### DATASET SECTION
▶
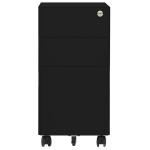 Mobiilne kontorikapp vidaXL, must, 30 x 45 x 59 cm, teras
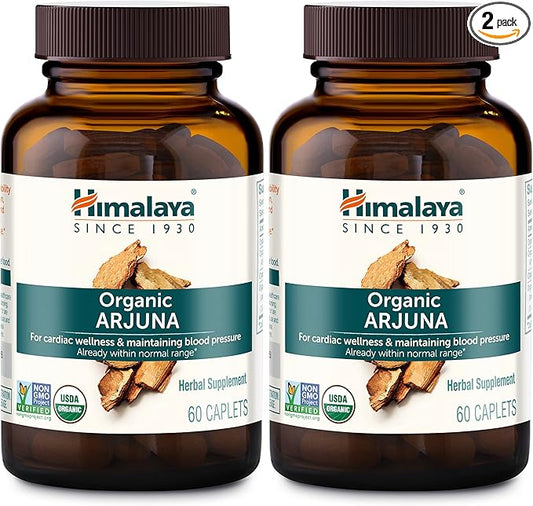 Himalaya Organic Arjuna, Blood Pressure Supplement for Cardiovascular Wellness and Heart Health, 700mg, 60 Count (Pack of 2)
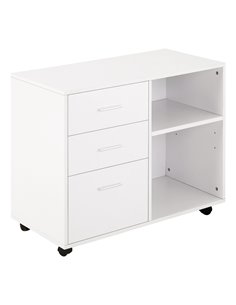 HOMCOM Freestanding Stand Unit Mobile Storage with Wheels, 3 Drawers, 2 Open Shelves, White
◀
### EXERCISE
Take every line of the material and copy it exactly, leaving out the pictures.

### TASK RESPONSE
 Mobiilne kontorikapp vidaXL, must, 30 x 45 x 59 cm, teras
 Himalaya Organic Arjuna, Blood Pressure Supplement for Cardiovascular Wellness and Heart Health, 700mg, 60 Count (Pack of 2)
 HOMCOM Freestanding Stand Unit Mobile Storage with Wheels, 3 Drawers, 2 Open Shelves, White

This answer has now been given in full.